Image-text web data
───

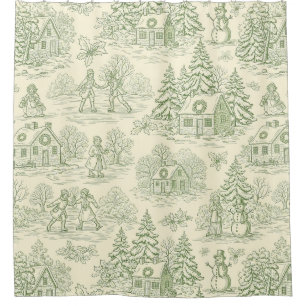 Green Toile Vintage Christmas Village Pattern (6)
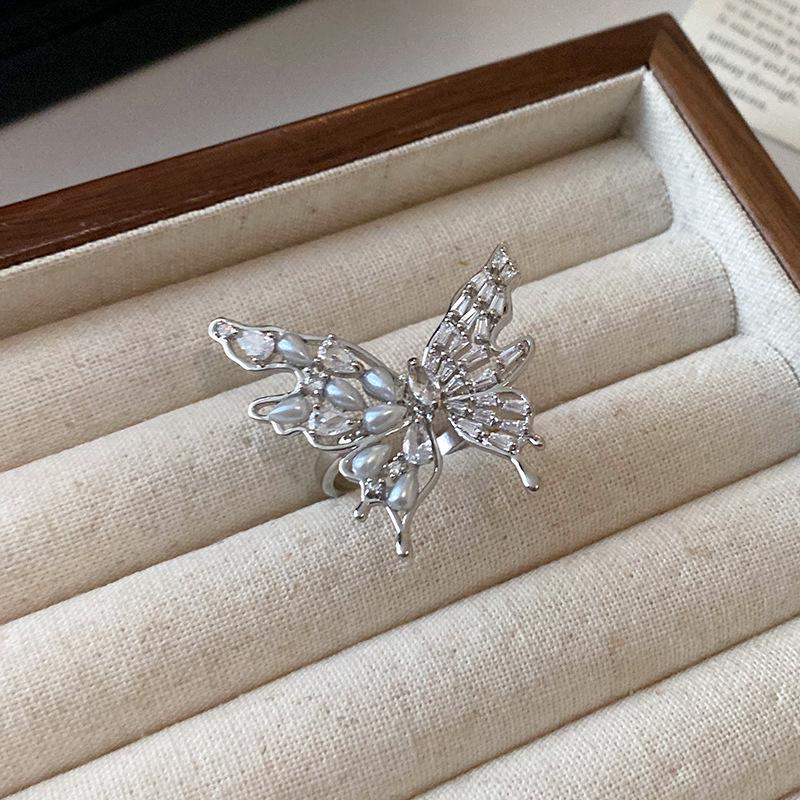 5A Grade Zircon Bauhinia Pattern Open Ring - Luxurious, Versatile, Exquisite Jewelry for Women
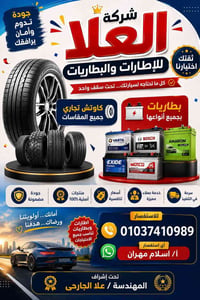 اطارات • بطاريات • مقاسات زراعي ملاكي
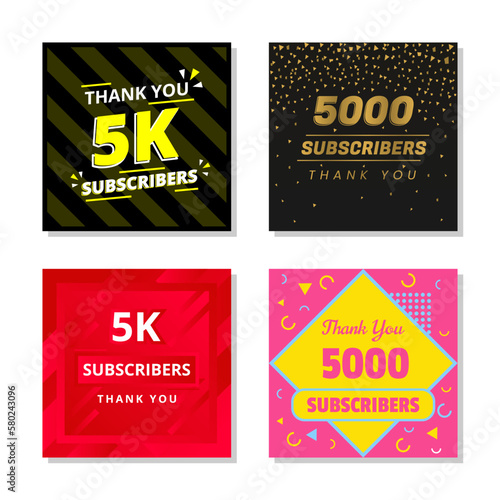 Thank you 5k subscribers set template vector. 5000 subscribers. 5k subscribers colorful design vector. thank you five thousand subscribers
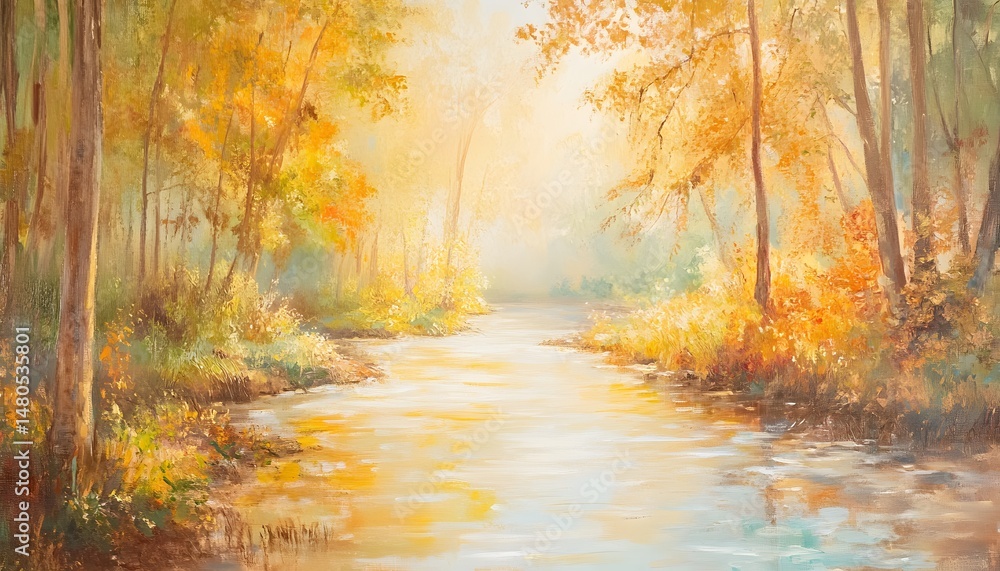 Obraz premium Autumnal forest stream scene painted in soft colors.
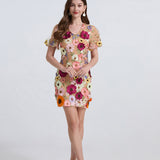 Fongt Dress Women Summer French Retro V-Neck Lantern Sleeve Embroidered Mesh Yarn Waist Bubble Sleeve Dress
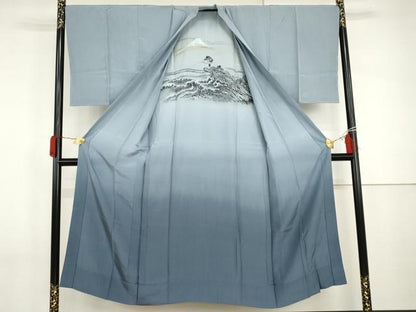 平和屋着物●男性　長襦袢　無双仕立て　手描き　冨獄三十六景　人物風景文　富士　暈し染め　正絹　逸品　AABI2534cs
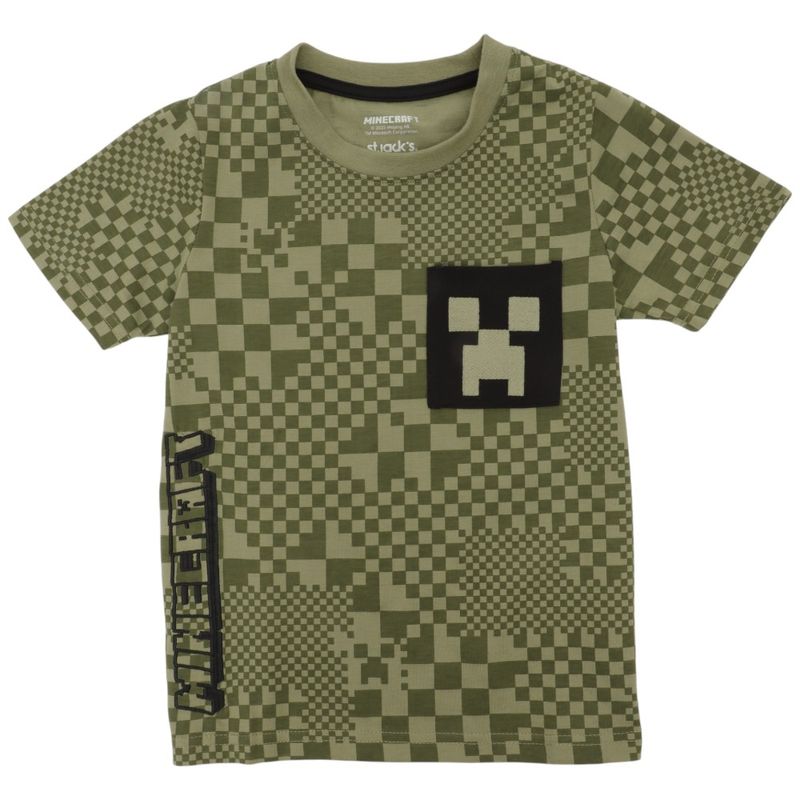 Camiseta beige con estampado Minecraft para niño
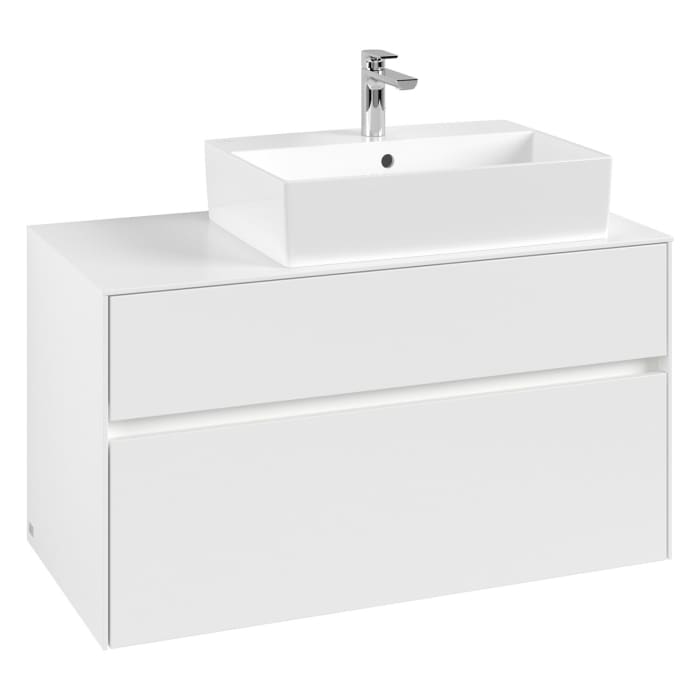 Villeroy & Boch Collaro Waschtischunterschrank 100 x 50 cm, mit 2 Auszügen und LED-Beleuchtung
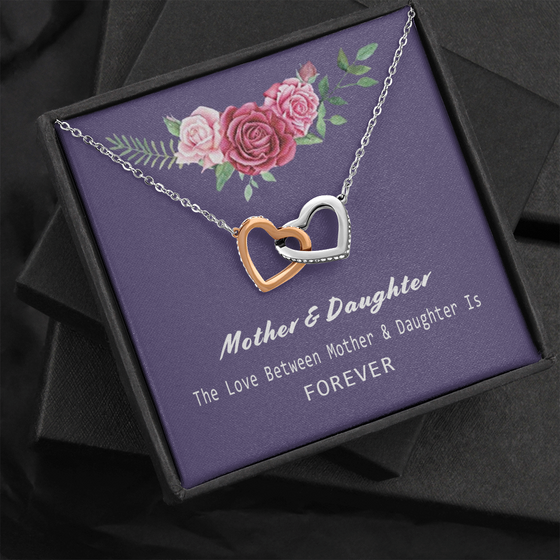 Mother Daughter Necklace Love is Forever -Two Hearts-Purple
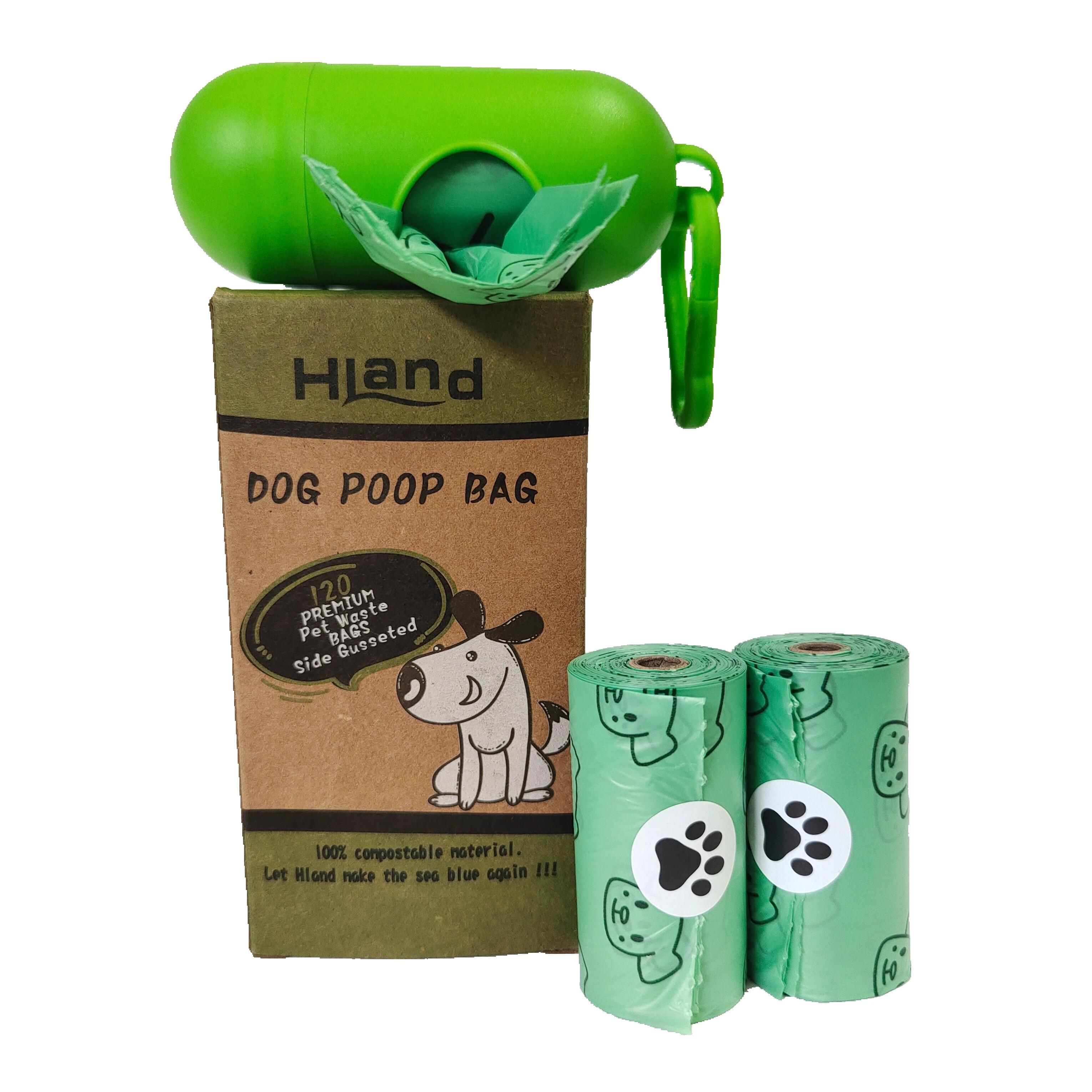 

Wholesale Eco Friendly 100% Biodegradable Poop Bag Compostable Dog Poop Poo Bag For Pet Waste, Green/black/customized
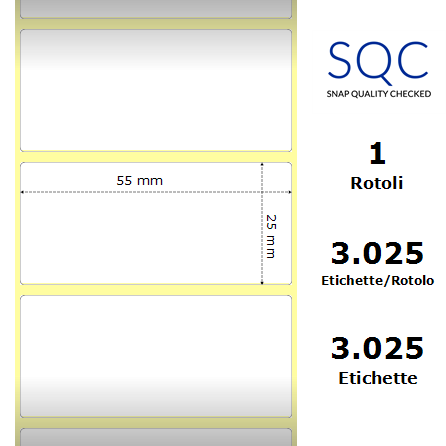 TT055025-PWPC-25/127 - Etichette SQC  S-DESK-PT Carta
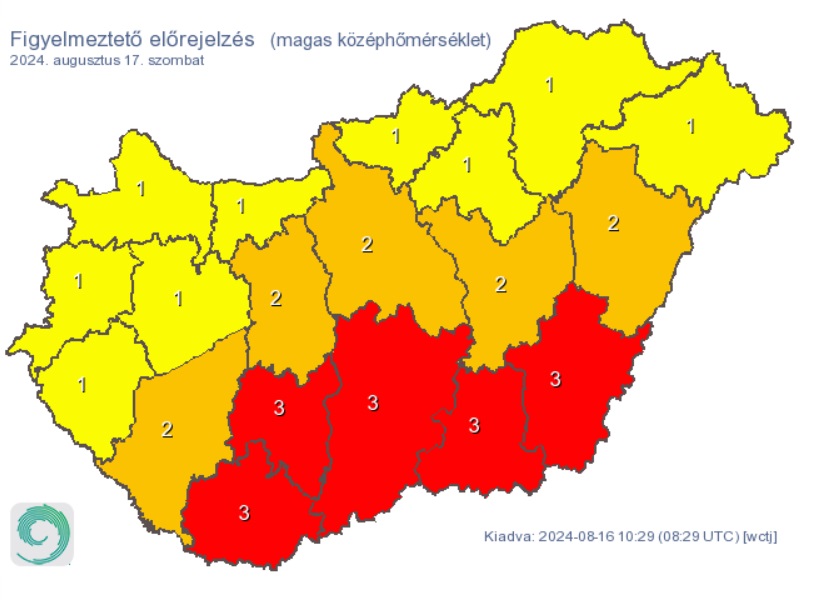 Riasztás van érvényben országszerte a hőség miatt. Forrás: met.hu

───

ACTION ITEM: The final stretch of the data, from the line with "5A Grade Zircon" through its last line, is to be retyped exactly; pictures are not part of the copy.

FINISHED EXERCISE:
 5A Grade Zircon Bauhinia Pattern Open Ring - Luxurious, Versatile, Exquisite Jewelry for Women
 اطارات • بطاريات • مقاسات زراعي ملاكي
 Thank you 5k subscribers set template vector. 5000 subscribers. 5k subscribers colorful design vector. thank you five thousand subscribers
 Obraz premium Autumnal forest stream scene painted in soft colors.
 Fongt Dress Women Summer French Retro V-Neck Lantern Sleeve Embroidered Mesh Yarn Waist Bubble Sleeve Dress
 平和屋着物●男性　長襦袢　無双仕立て　手描き　冨獄三十六景　人物風景文　富士　暈し染め　正絹　逸品　AABI2534cs
 Camiseta beige con estampado Minecraft para niño
 Villeroy & Boch Collaro Waschtischunterschrank 100 x 50 cm, mit 2 Auszügen und LED-Beleuchtung
 Mother Daughter Necklace Love is Forever -Two Hearts-Purple

Wholesale Eco Friendly 100% Biodegradable Poop Bag Compostable Dog Poop Poo Bag For Pet Waste, Green/black/customized
 TT055025-PWPC-25/127 - Etichette SQC  S-DESK-PT Carta
 Riasztás van érvényben országszerte a hőség miatt. Forrás: met.hu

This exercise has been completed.